Esta semana, una cadena de televisión israelí emitió una serie sobre la situación económica de los colonos. Fue esclarecedor.
Muchos asentamientos de hoy se componen de edificios palaciegos con piscina, caballos y huertos, construidos con dinero público
Los tiempos de esos pioneros ideológicos que vivían en tiendas y en cabañas de madera se acabaron hace mucho. Muchos asentamientos se componen de edificios palaciegos, cada uno de ellos con su piscina, sus caballos y sus huertos… algo con lo que el 99% de los israelíes no puede ni soñar. Ya que la mayoría de ellos llegó a los ‘‘territorios’’ sin un shekel en el bolsillo, está claro que estos palacios fueron construidos con el dinero de nuestros impuestos; esas enormes cantidades que se destinan cada año a esta iniciativa.

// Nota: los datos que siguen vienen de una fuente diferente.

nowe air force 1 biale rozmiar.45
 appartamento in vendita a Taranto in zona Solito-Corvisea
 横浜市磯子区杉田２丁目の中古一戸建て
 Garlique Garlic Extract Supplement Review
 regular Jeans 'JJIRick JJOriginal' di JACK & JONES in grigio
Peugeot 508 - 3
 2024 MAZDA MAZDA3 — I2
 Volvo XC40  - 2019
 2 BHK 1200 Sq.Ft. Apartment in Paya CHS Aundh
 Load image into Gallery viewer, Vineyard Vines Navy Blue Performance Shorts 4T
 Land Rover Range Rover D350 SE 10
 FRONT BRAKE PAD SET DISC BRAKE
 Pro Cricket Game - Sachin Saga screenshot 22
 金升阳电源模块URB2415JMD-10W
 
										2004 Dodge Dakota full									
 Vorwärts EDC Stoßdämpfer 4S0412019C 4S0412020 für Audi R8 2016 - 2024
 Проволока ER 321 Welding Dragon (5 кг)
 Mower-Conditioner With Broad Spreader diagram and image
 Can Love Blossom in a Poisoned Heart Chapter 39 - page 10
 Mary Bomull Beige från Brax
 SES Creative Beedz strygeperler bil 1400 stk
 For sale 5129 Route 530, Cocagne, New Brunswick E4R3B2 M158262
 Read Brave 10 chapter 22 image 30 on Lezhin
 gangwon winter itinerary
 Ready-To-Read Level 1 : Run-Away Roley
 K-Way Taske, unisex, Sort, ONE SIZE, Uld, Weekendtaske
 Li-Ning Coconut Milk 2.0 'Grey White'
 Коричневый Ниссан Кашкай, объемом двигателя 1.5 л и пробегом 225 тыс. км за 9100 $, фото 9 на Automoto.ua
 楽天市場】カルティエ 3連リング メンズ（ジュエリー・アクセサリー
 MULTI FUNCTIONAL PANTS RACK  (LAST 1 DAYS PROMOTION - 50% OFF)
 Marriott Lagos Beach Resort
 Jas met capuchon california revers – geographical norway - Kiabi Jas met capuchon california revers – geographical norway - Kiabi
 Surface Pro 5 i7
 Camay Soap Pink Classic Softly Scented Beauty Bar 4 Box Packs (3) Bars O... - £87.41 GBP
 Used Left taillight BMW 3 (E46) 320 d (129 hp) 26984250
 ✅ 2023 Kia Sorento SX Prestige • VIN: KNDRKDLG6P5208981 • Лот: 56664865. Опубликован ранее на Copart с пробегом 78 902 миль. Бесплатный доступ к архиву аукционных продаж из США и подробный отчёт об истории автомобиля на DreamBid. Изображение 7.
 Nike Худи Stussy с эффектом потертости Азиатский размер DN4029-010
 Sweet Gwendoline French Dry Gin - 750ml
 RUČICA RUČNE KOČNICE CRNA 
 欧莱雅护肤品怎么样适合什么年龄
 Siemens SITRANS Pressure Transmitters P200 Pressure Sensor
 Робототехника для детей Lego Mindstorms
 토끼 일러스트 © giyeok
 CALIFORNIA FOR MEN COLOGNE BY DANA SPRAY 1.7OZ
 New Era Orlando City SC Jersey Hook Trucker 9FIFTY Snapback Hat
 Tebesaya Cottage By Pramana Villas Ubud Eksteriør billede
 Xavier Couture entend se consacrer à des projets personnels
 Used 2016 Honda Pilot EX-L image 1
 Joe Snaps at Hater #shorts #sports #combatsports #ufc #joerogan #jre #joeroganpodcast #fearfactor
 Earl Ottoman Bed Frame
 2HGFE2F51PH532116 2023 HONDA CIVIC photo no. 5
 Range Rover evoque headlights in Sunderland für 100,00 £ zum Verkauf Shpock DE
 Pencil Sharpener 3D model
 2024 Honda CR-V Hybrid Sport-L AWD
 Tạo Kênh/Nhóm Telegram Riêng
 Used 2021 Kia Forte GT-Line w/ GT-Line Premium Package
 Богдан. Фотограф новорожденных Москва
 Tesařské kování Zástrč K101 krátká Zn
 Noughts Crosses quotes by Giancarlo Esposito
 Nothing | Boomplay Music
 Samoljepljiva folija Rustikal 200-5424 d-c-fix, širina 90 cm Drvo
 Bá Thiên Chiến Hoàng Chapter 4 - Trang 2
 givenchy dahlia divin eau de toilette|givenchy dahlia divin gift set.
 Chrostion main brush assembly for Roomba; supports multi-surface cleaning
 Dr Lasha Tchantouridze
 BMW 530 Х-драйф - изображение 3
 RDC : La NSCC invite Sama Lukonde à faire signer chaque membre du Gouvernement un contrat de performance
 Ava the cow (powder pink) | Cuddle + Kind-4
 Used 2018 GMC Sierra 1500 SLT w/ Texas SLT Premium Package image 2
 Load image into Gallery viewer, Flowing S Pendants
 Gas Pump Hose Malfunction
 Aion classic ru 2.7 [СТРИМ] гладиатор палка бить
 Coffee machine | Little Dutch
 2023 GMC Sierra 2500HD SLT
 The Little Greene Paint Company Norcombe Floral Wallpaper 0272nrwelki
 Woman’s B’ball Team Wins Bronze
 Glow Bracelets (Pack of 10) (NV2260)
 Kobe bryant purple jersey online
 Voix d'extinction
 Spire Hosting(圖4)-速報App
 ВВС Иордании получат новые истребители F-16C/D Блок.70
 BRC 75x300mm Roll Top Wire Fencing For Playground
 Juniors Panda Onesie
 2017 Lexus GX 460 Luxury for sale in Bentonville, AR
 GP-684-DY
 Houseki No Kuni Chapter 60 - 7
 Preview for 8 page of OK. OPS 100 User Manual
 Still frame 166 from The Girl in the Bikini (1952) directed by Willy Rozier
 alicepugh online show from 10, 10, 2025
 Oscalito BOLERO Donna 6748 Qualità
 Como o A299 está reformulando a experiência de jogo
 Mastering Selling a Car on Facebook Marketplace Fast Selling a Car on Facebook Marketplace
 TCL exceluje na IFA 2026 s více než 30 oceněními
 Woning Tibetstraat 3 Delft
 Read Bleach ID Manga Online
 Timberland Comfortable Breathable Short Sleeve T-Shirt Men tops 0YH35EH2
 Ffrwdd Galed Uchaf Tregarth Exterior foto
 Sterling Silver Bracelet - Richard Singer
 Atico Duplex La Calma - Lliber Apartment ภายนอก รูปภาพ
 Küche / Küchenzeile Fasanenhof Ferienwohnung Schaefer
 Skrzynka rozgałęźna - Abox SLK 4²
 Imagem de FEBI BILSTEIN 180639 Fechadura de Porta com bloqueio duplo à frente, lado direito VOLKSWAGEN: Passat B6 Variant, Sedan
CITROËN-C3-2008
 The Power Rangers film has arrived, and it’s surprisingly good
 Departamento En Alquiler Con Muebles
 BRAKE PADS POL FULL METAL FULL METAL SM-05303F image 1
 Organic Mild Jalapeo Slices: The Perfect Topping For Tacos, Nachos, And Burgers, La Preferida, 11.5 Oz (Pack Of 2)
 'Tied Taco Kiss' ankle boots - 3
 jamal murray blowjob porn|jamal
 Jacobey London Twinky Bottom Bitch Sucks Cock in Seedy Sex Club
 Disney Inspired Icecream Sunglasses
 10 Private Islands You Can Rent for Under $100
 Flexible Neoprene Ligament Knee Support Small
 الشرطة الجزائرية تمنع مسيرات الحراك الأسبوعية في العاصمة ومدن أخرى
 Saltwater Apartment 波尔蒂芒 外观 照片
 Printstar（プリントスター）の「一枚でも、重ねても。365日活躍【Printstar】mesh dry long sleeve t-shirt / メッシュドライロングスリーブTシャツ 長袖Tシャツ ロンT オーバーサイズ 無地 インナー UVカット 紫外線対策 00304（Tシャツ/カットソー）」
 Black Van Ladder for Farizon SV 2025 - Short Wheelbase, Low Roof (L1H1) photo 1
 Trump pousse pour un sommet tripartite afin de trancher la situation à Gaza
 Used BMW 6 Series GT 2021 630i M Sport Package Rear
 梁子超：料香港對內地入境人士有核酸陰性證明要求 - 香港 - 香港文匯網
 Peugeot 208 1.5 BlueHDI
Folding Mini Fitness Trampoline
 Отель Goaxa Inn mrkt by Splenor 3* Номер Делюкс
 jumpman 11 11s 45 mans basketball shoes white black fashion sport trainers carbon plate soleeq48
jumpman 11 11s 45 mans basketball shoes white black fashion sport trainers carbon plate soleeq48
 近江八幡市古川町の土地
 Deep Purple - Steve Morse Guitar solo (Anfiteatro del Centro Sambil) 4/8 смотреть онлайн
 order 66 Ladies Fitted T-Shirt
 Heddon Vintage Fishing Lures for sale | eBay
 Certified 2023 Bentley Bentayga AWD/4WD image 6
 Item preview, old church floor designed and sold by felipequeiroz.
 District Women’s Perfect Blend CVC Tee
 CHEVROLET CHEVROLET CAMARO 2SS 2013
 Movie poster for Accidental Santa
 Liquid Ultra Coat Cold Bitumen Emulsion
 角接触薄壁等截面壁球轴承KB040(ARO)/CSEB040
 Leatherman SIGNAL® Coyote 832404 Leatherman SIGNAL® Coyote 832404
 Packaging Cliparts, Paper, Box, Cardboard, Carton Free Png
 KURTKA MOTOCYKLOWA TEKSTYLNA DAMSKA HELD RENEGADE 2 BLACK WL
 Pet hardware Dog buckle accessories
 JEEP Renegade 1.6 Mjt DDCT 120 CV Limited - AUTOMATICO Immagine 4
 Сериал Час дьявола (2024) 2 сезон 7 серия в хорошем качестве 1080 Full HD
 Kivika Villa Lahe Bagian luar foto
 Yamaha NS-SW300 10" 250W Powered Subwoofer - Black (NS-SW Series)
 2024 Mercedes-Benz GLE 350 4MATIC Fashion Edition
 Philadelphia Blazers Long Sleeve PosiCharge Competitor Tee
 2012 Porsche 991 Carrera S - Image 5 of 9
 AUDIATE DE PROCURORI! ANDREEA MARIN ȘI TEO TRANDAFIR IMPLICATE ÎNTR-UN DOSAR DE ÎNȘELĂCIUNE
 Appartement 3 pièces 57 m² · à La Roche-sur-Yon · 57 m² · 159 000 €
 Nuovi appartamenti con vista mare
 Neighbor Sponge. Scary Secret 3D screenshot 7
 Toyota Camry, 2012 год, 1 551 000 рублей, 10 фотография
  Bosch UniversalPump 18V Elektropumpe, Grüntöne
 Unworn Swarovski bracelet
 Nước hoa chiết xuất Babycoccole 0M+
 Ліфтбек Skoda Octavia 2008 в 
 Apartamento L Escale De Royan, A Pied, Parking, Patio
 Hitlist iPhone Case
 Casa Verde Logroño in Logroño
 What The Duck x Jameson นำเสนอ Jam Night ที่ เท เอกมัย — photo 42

Los llamados ‘‘bloques de asentamientos’’ (grupos de asentamientos urbanos pegados a la Línea Verde ) son otro asunto. Probablemente se adherirían a Israel en un contexto de ‘‘intercambio de territorios’’. Pero al menos dos de ellos presentan problemas serios: Ariel, que se ubica a unos 25 km hacia dentro del supuesto Estado palestino, y Maaleh Adumim, que prácticamente corta a Cisjordania en dos. Incorporar estos dos grandes centros urbanos con sus habitantes al Estado palestino soberano es una quimera.
Puede que Netanyahu, cuando prometió esta semana que no desalojaría a ningún colono ni evacuaría un solo asentamiento, estuviera pensando en Charles de Gaulle, que tampoco desalojó a ningún colono ni desmanteló ningún asentamiento. Simplemente fijó la fecha en la que el ejército francés abandonaría Algeria.
Eso fue suficiente.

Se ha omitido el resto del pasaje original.